▸ **Task to complete**: Print the lines below from the line with "abogado Ignacio Martínez" to the line with "Oliver & N Lakewood Ave map" exactly, keeping both ends, and print no pictures.

▸ **Dataset records**:
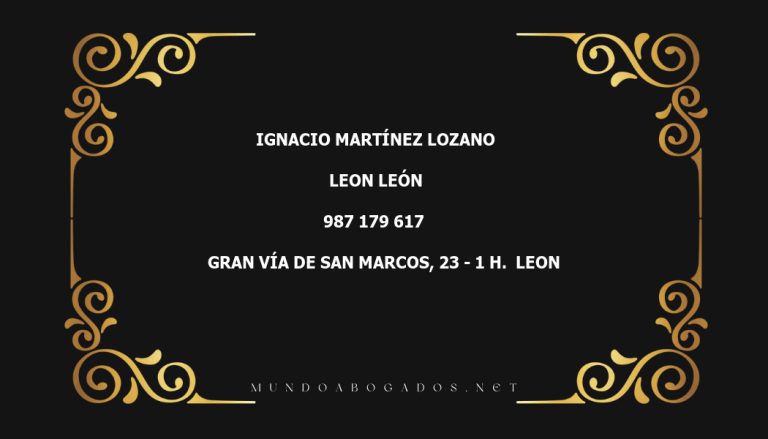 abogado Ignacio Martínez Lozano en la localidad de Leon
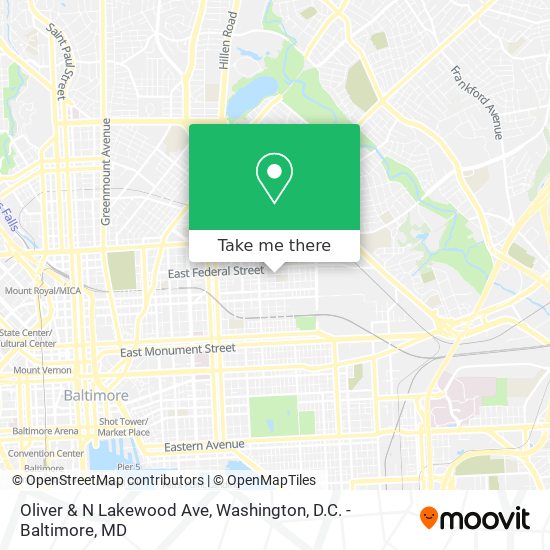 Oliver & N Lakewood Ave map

==

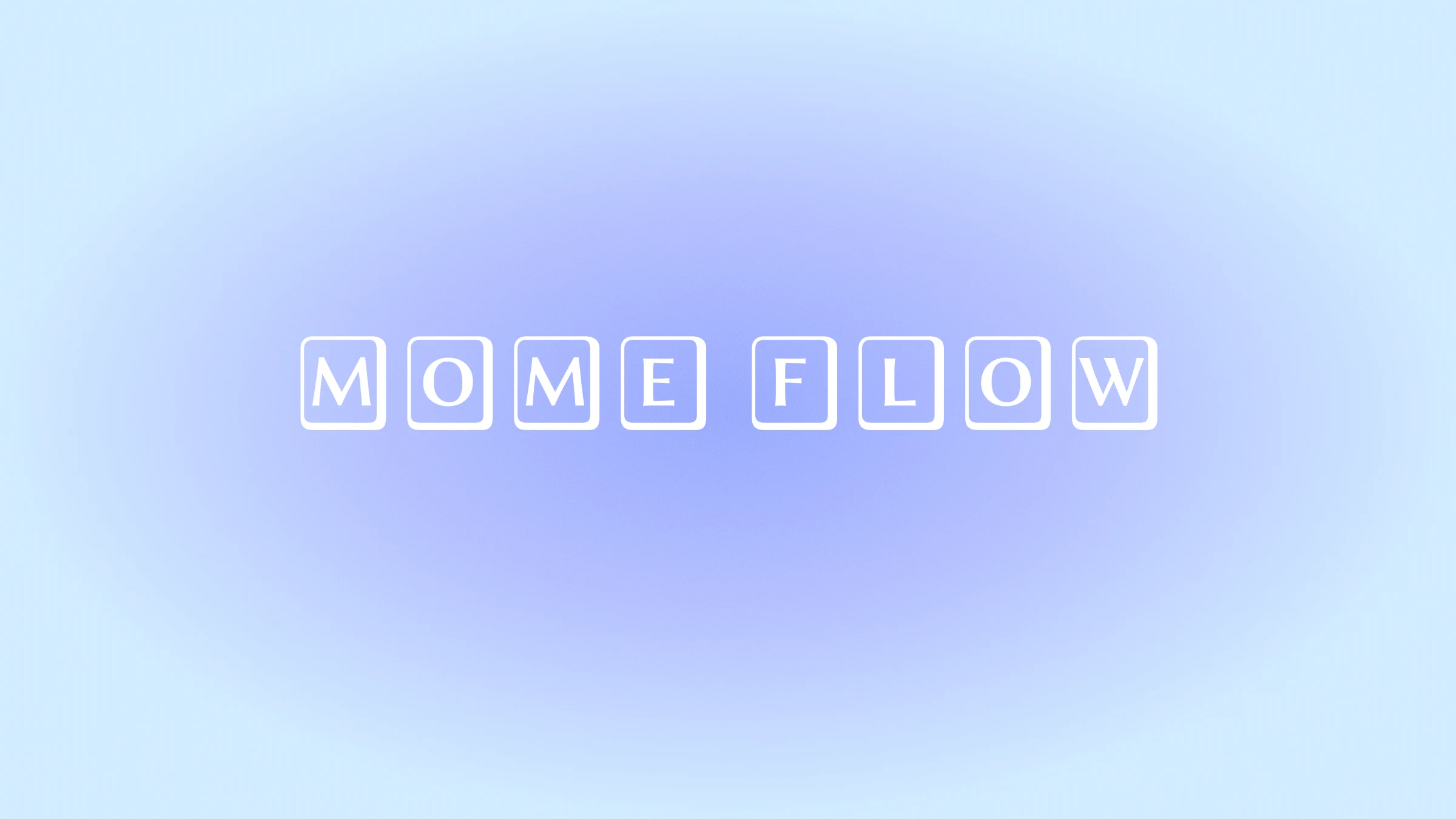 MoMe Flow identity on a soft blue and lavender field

* * *

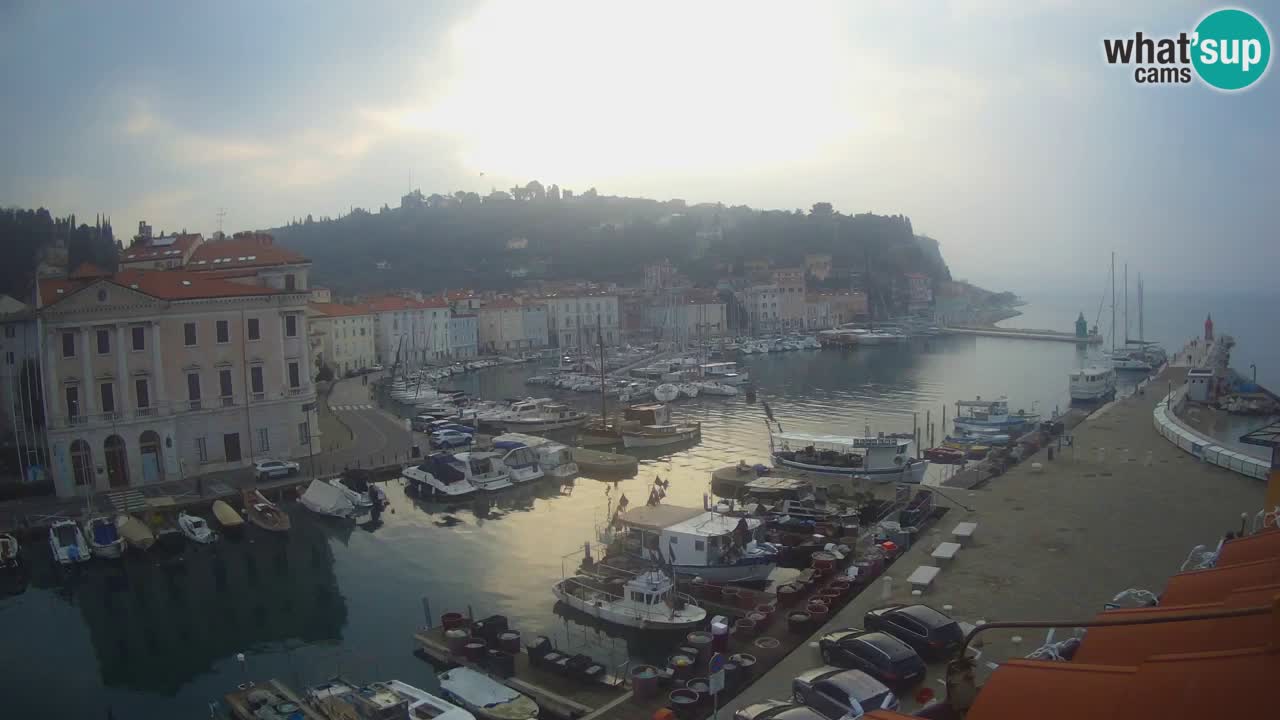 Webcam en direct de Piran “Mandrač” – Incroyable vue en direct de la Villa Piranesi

▸ **Answer to this exercise**:
 abogado Ignacio Martínez Lozano en la localidad de Leon
 Oliver & N Lakewood Ave map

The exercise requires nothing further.